There are a number of points to note about this model and the data used by Milesi et al. (2019) to estimate its parameters. First is that the treatments vary only between F0 dams; all F1 offsprings are exposed to the same treatment. Second, the litter effect can be represented as the proportion of the total variance in the outcome explained by the F0 dams, i.e. \(\sigma_{{\text{u}}}^{2} /\left( {\sigma_{{\text{u}}}^{2} + \sigma_{{\text{e}}}^{2} } \right)\), often known as the intra-cluster coefficient. Milesi et al. (2019) do not provide this estimate which is regrettable, because it would be a helpful indicator for the design of future studies even though a precise estimate of \(\sigma_{{\text{u}}}^{2}\) might be difficult to obtain with such a small sample (21) of F0 dams. Third, there seems to be unexplained missing data as we would expect a F1 sample size of 28 for each of the three conditions, rather than 25, 20 and 20 as given and these numbers fall further at F2 to 20, 15 and 13. One implication of the way the F1 rats were apparently housed in cages (four per cage; Milesi et al. 2018, p. 2631) is that the variation in the outcome between F0 dams includes both a genetic effect and an environmental (or cage) effect arising from the co-housing. Ideally, these two effects should be separated by, for example, housing only two F1 rats together. Finally, the outcome variable, \(y_{ij}\), is a percentage which might be very small for many F1 rats, suggesting that rather than assuming normality for \(e_{ij}\), a binomial model might be more appropriate.
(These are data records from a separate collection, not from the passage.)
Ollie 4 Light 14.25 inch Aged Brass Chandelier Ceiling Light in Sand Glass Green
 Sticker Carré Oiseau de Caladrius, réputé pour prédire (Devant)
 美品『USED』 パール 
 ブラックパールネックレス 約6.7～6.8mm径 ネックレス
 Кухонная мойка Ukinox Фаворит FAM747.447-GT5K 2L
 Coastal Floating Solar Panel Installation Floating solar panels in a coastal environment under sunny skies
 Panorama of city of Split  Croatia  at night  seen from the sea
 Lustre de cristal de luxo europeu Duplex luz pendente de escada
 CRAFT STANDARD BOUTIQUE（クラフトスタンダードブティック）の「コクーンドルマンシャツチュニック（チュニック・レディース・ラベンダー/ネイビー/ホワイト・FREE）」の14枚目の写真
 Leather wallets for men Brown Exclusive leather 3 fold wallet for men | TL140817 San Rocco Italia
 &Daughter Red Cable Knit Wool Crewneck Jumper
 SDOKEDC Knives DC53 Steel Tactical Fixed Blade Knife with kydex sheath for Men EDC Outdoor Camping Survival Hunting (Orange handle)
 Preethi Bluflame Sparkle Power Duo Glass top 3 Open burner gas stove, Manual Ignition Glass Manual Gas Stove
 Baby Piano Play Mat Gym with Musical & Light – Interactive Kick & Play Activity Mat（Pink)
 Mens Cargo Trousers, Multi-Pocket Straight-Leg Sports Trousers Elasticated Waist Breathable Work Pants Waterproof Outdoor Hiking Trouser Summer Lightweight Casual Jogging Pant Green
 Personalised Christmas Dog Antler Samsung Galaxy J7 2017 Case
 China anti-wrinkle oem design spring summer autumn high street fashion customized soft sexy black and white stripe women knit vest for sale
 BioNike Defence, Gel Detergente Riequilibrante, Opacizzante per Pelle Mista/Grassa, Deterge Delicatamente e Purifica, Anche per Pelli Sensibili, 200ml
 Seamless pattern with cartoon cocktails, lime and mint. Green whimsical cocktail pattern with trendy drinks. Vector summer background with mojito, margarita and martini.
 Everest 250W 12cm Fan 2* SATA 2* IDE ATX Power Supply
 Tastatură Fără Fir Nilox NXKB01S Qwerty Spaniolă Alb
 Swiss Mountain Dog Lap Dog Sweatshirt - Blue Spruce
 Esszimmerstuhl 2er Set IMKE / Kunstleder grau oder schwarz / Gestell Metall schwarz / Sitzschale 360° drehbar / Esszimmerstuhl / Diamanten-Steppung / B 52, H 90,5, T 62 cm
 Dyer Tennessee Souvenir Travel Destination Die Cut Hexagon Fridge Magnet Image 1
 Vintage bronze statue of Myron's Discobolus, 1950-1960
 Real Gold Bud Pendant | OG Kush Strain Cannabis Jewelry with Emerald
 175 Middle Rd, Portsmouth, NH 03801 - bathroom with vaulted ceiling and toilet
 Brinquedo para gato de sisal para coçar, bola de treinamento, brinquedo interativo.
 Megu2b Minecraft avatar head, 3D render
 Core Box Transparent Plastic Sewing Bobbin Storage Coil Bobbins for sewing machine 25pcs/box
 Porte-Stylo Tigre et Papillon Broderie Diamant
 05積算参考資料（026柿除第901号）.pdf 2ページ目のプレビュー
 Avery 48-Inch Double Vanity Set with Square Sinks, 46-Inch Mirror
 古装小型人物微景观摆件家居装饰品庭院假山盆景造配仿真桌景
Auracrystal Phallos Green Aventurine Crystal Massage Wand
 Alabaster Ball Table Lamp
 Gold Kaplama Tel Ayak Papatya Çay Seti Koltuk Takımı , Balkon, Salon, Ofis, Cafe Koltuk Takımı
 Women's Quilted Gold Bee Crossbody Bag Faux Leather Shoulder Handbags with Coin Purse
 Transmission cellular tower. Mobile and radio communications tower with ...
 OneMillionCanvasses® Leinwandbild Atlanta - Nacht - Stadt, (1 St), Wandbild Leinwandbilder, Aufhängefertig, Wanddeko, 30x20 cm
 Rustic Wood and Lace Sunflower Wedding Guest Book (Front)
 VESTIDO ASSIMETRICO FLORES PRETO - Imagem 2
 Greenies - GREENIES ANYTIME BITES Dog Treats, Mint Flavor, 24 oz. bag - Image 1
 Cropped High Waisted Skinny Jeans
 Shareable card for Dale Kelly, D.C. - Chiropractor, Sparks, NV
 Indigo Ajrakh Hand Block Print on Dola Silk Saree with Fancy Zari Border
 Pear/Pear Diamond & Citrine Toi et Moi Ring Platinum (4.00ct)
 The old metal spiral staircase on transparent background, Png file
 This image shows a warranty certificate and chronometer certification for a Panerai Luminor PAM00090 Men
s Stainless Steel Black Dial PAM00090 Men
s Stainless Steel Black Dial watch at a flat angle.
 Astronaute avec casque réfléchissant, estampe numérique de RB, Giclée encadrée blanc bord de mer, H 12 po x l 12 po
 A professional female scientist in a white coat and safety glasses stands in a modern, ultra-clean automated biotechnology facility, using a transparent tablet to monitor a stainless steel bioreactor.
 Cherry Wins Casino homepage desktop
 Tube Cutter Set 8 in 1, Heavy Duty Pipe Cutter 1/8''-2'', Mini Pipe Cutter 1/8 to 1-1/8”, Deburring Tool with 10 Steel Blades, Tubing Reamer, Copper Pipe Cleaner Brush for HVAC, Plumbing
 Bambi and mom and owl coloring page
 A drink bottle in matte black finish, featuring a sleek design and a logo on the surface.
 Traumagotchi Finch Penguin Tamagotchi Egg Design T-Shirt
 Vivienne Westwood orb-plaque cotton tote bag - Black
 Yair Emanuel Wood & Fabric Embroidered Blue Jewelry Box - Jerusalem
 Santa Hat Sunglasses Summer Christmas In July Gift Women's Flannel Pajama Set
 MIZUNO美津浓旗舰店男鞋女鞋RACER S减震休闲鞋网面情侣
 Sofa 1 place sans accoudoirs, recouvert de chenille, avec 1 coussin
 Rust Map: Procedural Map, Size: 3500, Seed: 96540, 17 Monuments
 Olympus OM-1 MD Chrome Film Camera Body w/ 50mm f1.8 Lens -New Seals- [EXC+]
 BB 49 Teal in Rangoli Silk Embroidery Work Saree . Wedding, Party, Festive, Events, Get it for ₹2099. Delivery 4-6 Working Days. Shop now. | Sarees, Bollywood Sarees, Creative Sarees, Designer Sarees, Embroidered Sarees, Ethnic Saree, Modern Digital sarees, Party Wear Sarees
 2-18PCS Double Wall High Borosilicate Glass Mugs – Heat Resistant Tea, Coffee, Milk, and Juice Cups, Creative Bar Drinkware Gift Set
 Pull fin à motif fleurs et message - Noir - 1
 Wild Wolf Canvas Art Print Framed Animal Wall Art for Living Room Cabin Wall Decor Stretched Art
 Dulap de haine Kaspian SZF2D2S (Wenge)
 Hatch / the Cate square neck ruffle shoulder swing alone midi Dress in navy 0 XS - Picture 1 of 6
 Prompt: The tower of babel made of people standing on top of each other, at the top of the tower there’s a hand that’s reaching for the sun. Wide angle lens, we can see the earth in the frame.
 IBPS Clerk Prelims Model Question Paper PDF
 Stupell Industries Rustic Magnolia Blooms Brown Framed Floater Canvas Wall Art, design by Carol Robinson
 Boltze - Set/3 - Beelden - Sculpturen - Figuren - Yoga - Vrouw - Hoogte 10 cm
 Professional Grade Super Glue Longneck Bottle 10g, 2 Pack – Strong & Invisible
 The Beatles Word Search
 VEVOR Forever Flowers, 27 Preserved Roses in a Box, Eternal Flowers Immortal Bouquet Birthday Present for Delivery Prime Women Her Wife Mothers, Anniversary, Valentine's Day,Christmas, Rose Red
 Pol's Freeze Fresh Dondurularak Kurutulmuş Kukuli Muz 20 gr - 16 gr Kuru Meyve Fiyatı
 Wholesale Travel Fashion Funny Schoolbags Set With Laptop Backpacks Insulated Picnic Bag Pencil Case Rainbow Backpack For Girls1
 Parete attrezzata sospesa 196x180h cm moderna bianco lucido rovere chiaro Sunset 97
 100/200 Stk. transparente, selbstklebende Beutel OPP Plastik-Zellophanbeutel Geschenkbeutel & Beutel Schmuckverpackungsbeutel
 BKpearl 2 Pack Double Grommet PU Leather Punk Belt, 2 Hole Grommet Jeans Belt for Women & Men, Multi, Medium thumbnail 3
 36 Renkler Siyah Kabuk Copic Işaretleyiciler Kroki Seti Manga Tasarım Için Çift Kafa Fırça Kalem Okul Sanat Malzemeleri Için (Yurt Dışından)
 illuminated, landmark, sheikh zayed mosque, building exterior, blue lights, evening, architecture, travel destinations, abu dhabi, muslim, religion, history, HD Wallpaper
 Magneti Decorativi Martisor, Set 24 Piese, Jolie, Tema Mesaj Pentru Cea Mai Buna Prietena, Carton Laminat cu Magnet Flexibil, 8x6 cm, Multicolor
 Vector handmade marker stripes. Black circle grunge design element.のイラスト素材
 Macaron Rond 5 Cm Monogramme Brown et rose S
Turning to Table 2, we find that the authors do not fit the three-level models (F2 nested within F1 nested within F0) that are required, i.e.,

$$ y_{ijk} = \beta_{0} + \mathop \sum \limits_{l = 1}^{2} \beta_{l} t_{lk} + v_{k} + u_{jk} + e_{ijk} , $$

where \(y_{ijk}\) is now the outcome of interest (fetal weight etc.) for each F2 rat; \(i = 1 \ldots n_{jk}\) indexes the F2 rats within F1 \(j,\;\;j = 1 \ldots J_{k}\) and F0 \(k,\;\;k = 1 \ldots K\); \(t_{lk}\) are the treatment variables as before; \(v_{k} \sim N\left( {0,\sigma_{{\text{v}}}^{2} } \right)\) is now the random effect for F0 dams; \(u_{jk} \sim N\left( {0,\sigma_{{\text{u}}}^{2} } \right)\) is now the random effect for F1 (within F0) and \(e_{ijk} \sim N\left( {0,\sigma_{{\text{e}}}^{2} } \right)\) with \(\sigma_{{\text{e}}}^{2}\) the variance between F2 rats within both the F0 and F1 dams. Models such as these are easily estimated with the appropriate software and estimates of the variance components can inform future designs.

Even though Milesi et al. (2019) wrongly omit the F0 level from the model underpinning Table 2, their results are still different from those reported in the original paper: there is no longer any treatment effect for placental weight or for foetal length for the low dose. It is plausible to suppose that allowing for the full hierarchical structure would lead to a further reduction in the precision of the estimated treatment effects.

The authors are of course correct to state that no one experiment can be definitive. Arguably, more attention to experimental design is warranted to have appropriately powered multi-generational rodent experiments such as this one and others (e.g. Kubsad et al. 2019). But rather than offer their rats for further experiments, it would be much more helpful to researchers interested in estimating litter effects, if they made their data publicly available.